Restate the listing below word for word; no pictures belong in the copy.

→ Data segment:
****************

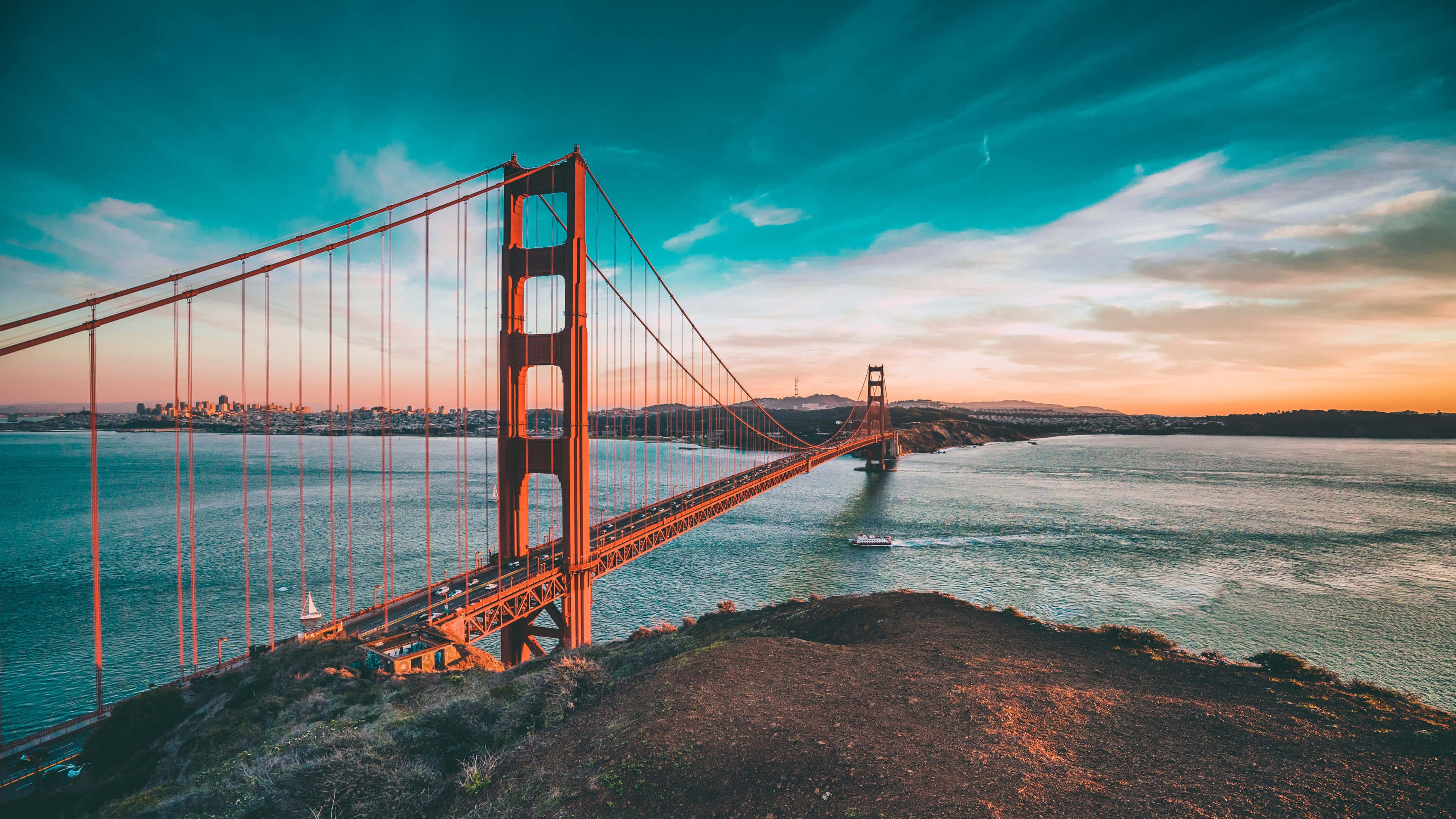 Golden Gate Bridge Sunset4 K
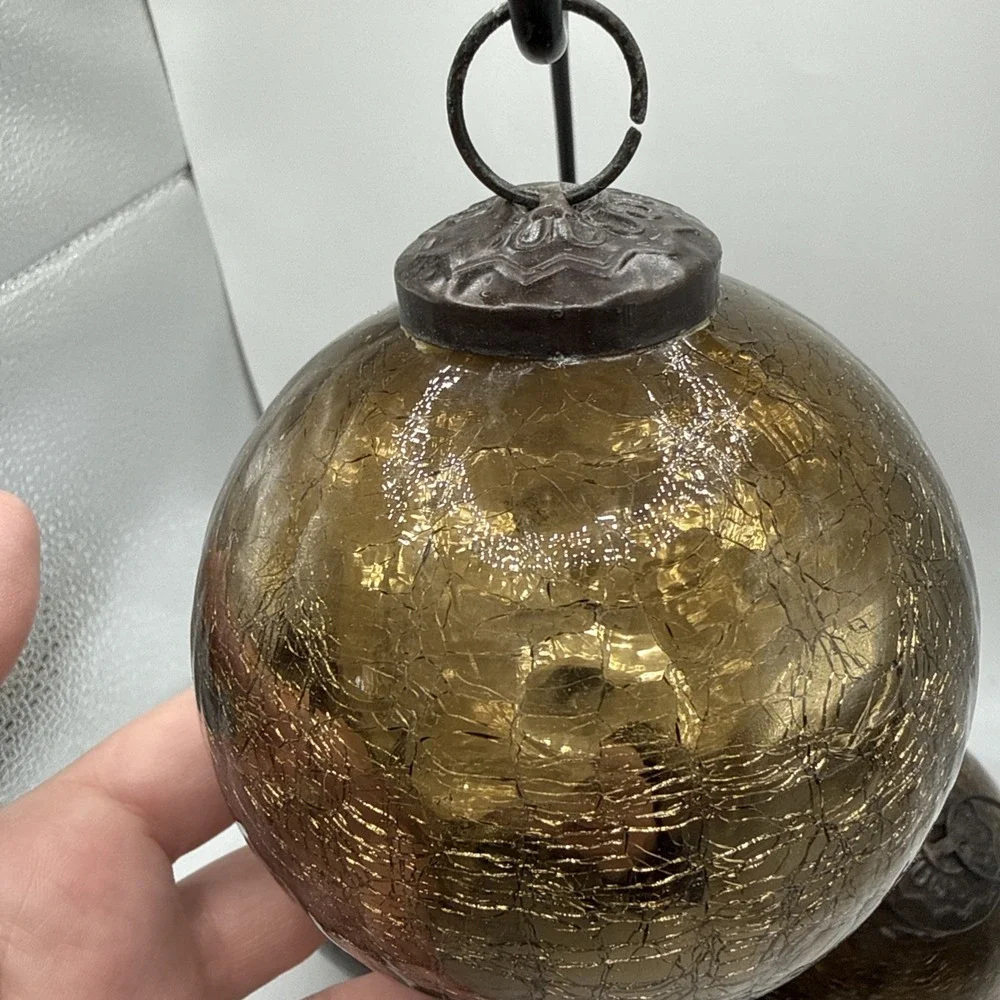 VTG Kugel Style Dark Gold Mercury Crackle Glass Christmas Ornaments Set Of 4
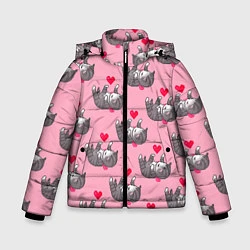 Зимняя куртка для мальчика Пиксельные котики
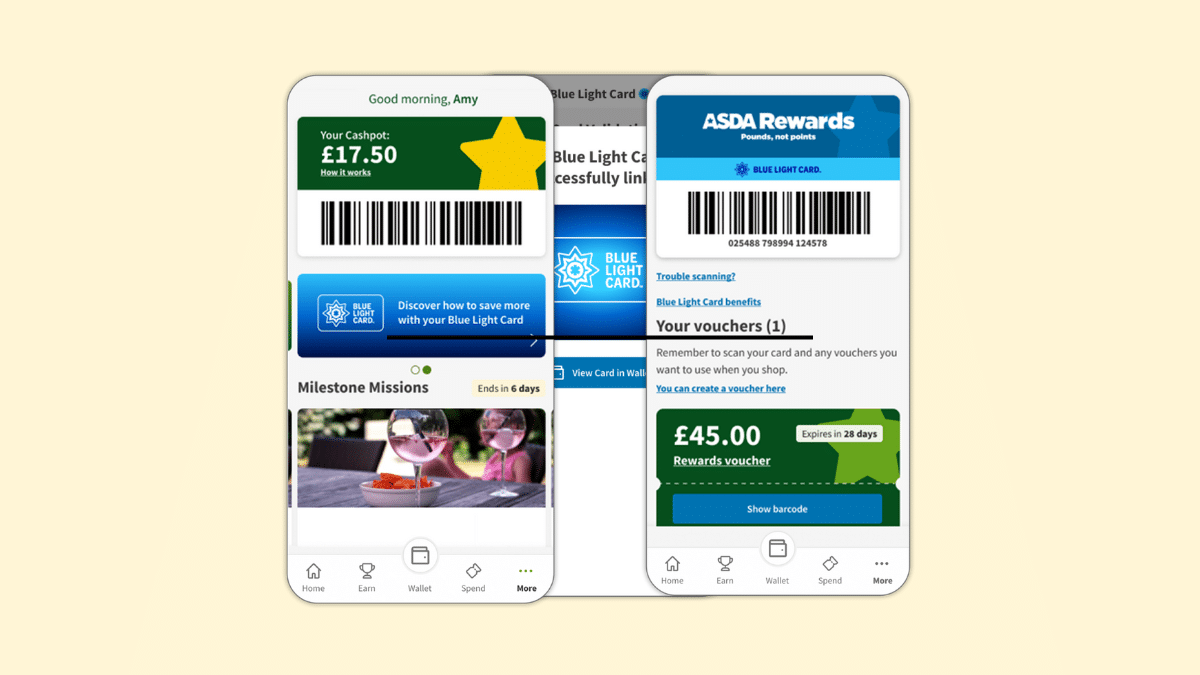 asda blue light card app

****************

→ Reply to the exercise:
 Golden Gate Bridge Sunset4 K
 VTG Kugel Style Dark Gold Mercury Crackle Glass Christmas Ornaments Set Of 4
 Зимняя куртка для мальчика Пиксельные котики
 asda blue light card app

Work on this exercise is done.